The office of our Westhampton Beach family retreat. Left artist: Guillermo Garcia Cruz; Right: Mila Libman.

For this growth to be sustainable, however, advisors need to make money.  There is no standard way to do this within the industry. Our fee structure is different from the next advisor. However, here are a few ways art advisors bring in revenue while supporting their clients’ art collecting interests:

1 . Retainers

Some art advisors charge a flat fee per month for a set amount of time that they are servicing a client. During that time, advisors are responsible for identifying artworks for sale from auction, gallery, and private client outlets, along with arranging viewings, researching artworks of interest, condition reporting, and more.  

2. Hourly Fees

Hourly fees seem to be dying within the industry because they are annoying for everyone involved, but for some, they are alive and well.  One reason they are annoying for the advisor is because there are no clear guidelines on how to handle billing for tasks like going to art fairs on behalf of more than one client, not finding anything at that art fair, inevitable shipping hold ups that are no single person’s fault, and more.  Hourlies are also irritating for clients who have no idea what to expect in terms of billing, as sourcing the right piece may take 1 hour or 20, and there is no way to fact check.  The hourly prices that do exist completely depend on the geographic market. (The Charleston, South Carolina art advisor’s rate will likely be a fraction that the New York advisor’s rate.)

3. Commissions

Art advisors often take a commission on the sale price of artwork. This can go work in several ways: 

  • Advisors may sell art at retail price and keep whatever trade discount they are able to negotiate from the gallery. 

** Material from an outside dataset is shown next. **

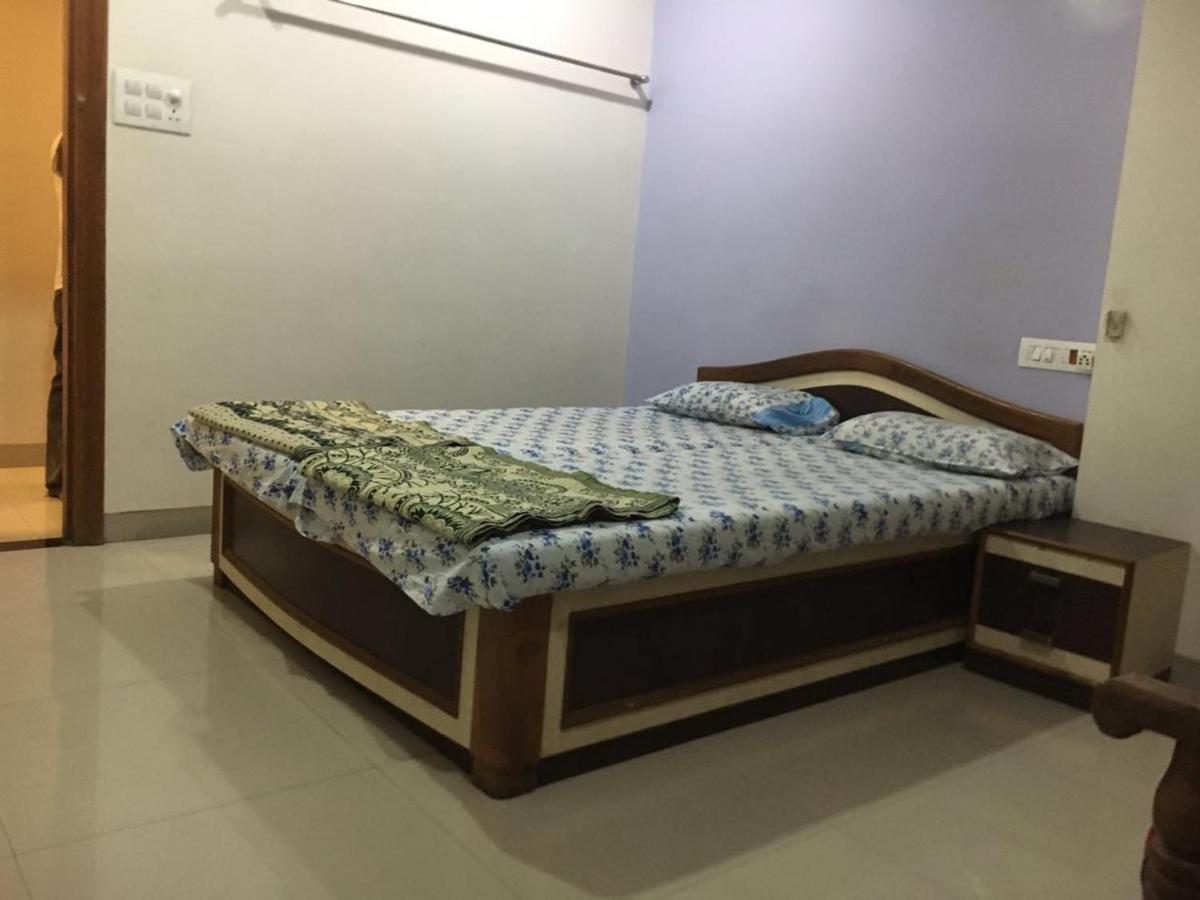 Hotel Sairaj Palace Shirpur Buitenkant foto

  • Advisors may negotiate down the retail price for their client, then take a percentage of the retail price as a sale commission.  (For example, advisor negotiates the price of a $100 artwork to $80, selling it to the client for $80, then adding his/her 10% of retail, or $10, for a total price of $90). 

  • Advisors may mark up artwork, taking a flat percentage, such as 20%, on top of the retail price. In this example, the advisor sources a $100 piece and sells it to the client for 20% more, or $120. Importantly, the advisor is often able to also negotiate a discount from the gallery. If that discount is 15%, the advisor is buying the art for $85 and selling it for $120, making a larger margin.

  • Possible commissions on other line items: Some advisors charge commissions on other line items they are managing, such as shipping, framing, and installation.

Importantly, advisors may mix and match any of these to create a payment structure that works for their business and clientele. None of them are right or wrong. As a business, we support complete transparency and share with our clients exactly how we work verbally and in writing at the beginning of a project.  As sticklers of quality client service, we also support any prospective client of any art advisor (or other service provider) asking questions to ensure they have a full understanding of how the relationship works financially. This should be an industry with contracts and clarity that supports the success of any relationship. 


It is also essential to note that any lasting, solid business, will have more than one revenue channel.  For art advisors, that sometimes means putting together exhibitions, leading classes, selling inventory they have purchased for a profit, and more.  Again, there is no playbook here, but we love collaborating with and learning from colleagues to lift each other up and share art that we believe in with a broader client base. 

Finally, for those interested in learning more about the business of art advisory, we’re excited to launch Art Advisory School. It’s a simple way to learn about our niche.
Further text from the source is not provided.